- **Data below**

::::

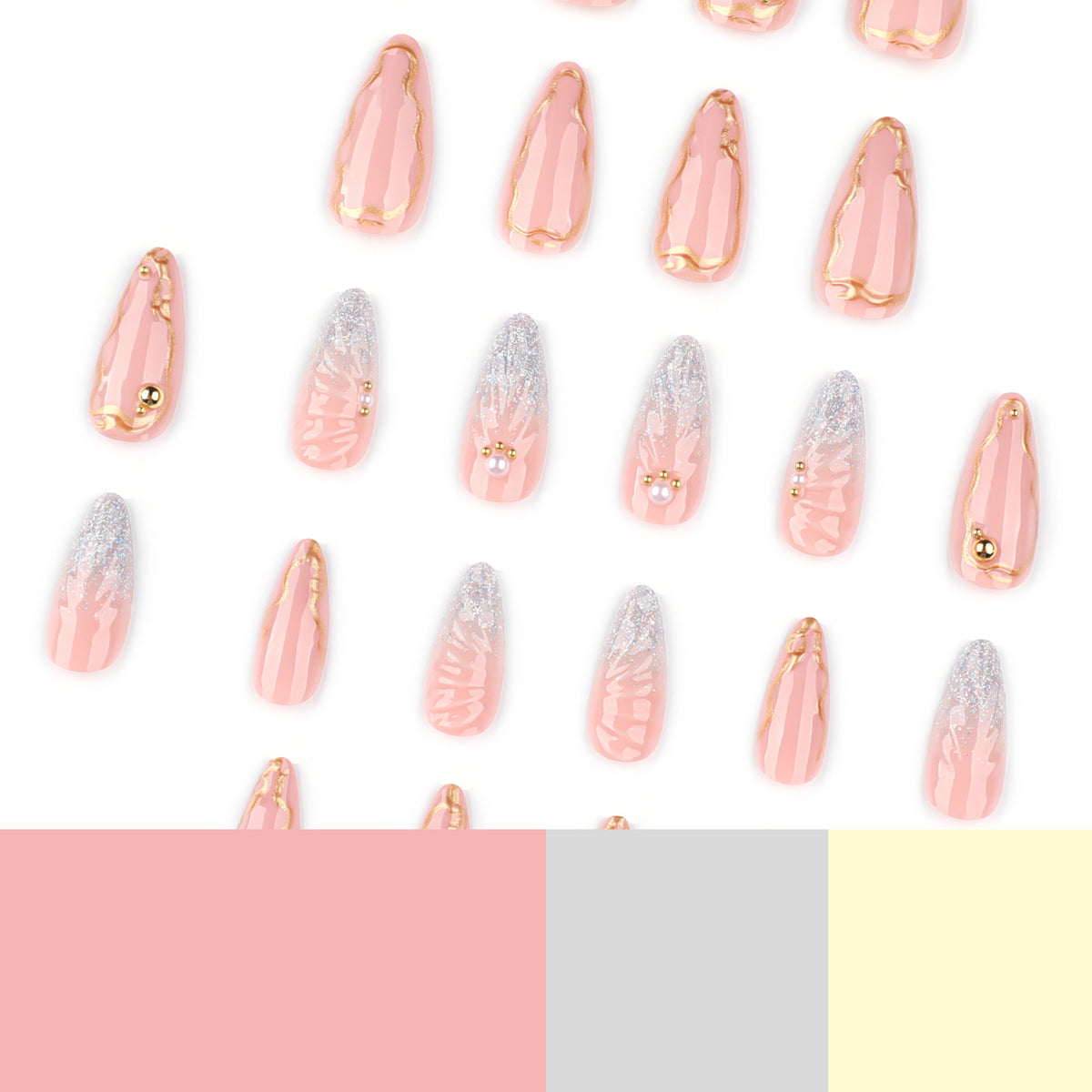 Kunstvolle Stiletto-Nägel mit elegantem Goldverzierungs-Design Brehn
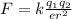 F=k \frac{q_1q_2}{er^2}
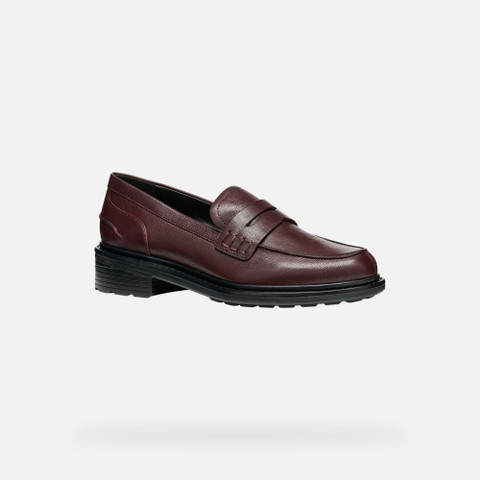 Leather loafers WALK PLEASURE WOMAN Wine - image number 2 | GEOX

::::

- **What to do**
Repeat the listing verbatim, pictures excluded.

- **Exercise answer**
 Kunstvolle Stiletto-Nägel mit elegantem Goldverzierungs-Design Brehn
 F=k \frac{q_1q_2}{er^2}
 Leather loafers WALK PLEASURE WOMAN Wine - image number 2 | GEOX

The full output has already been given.